• _Exercise aim_
Your copy should match the entries below exactly, apart from the images.

Crawled caption data
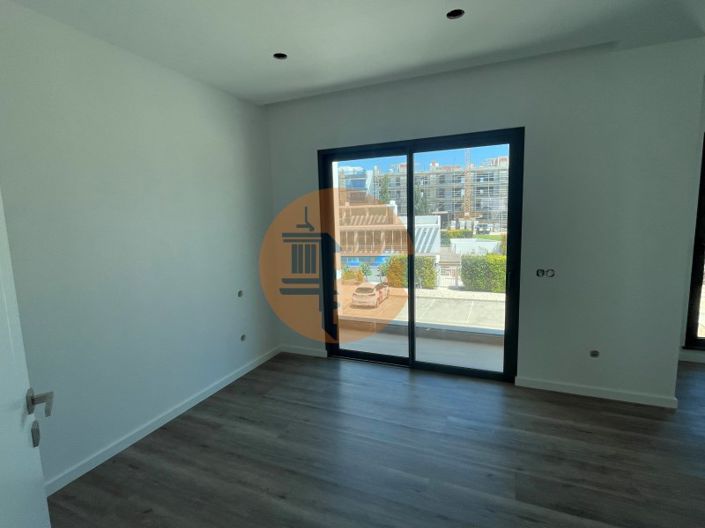 Image No.12-4 Bed House for sale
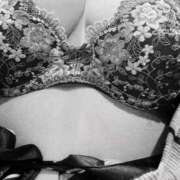 ヒメ日記 2025/12/22 12:45 投稿 藤枝千尋 HANABI(福富町)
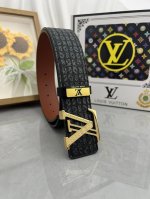 品名：Lv..路易..威登原单 材质：原单牛皮腰带 百分百头层牛皮腰带保证真皮，24K纯钢扣，专柜原单品质、做工精细，时尚大牌，送人自用首选 包装： 请认准如图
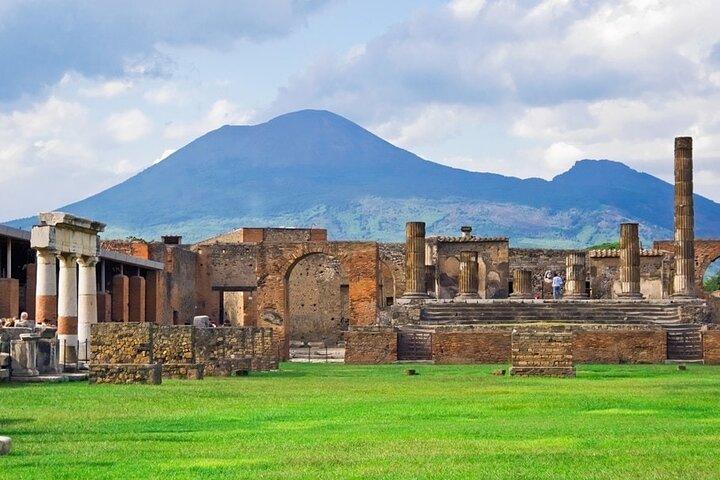 Pompeii: Exclusive Private Walking Tour with an Archaeologist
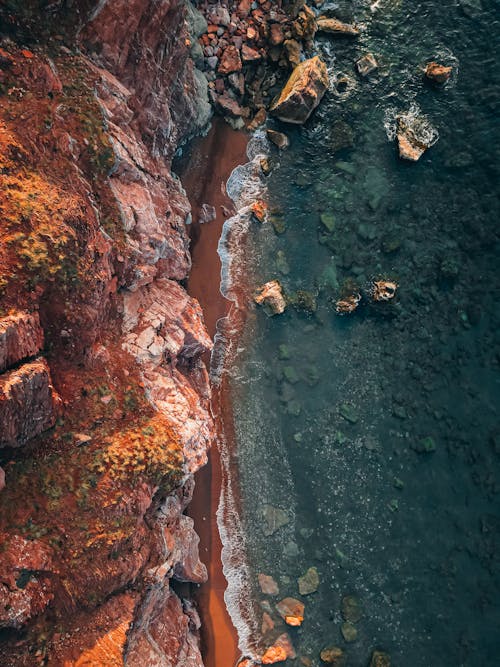 Foto profissional grátis de corroído, costa, mar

• _Your solution_
 Image No.12-4 Bed House for sale
 ヒメ日記 2025/12/22 12:45 投稿 藤枝千尋 HANABI(福富町)
 品名：Lv..路易..威登原单 材质：原单牛皮腰带 百分百头层牛皮腰带保证真皮，24K纯钢扣，专柜原单品质、做工精细，时尚大牌，送人自用首选 包装： 请认准如图
 Pompeii: Exclusive Private Walking Tour with an Archaeologist
 Foto profissional grátis de corroído, costa, mar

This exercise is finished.